First, from the Lord’s perspective, establishing the finest homes has everything to do with the personal qualities of the people who live there. These homes aren’t made fine in any important or lasting way by their furniture or by the net worth or social status of the people who own them. The finest characteristic of any home is the image of Christ reflected in the home’s residents. What matters is the interior design of the souls of the inhabitants, not the structure itself.

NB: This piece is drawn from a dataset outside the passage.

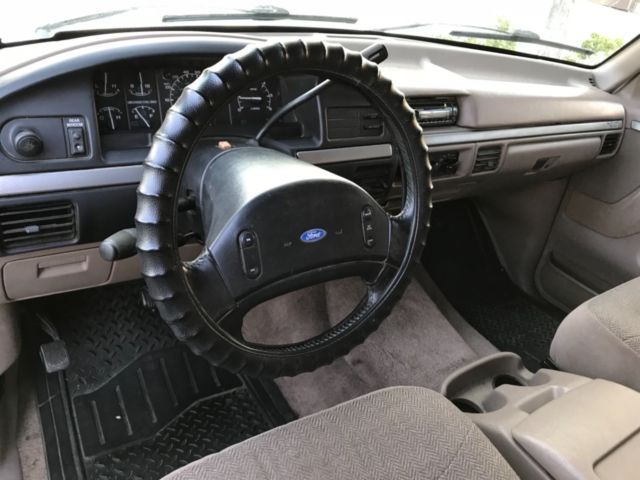 1993 white Ford Bronco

The attributes of Christ are acquired in the “process of time”1 by intentional progress along the covenant path. Christlike attributes adorn the lives of those who strive to live with goodness. They fill homes with gospel light, whether the floor is mud or marble. Even if you are the only one in your household who follows the injunction to “seek after these things,”2 you can contribute to the spiritual furnishings of your family’s home.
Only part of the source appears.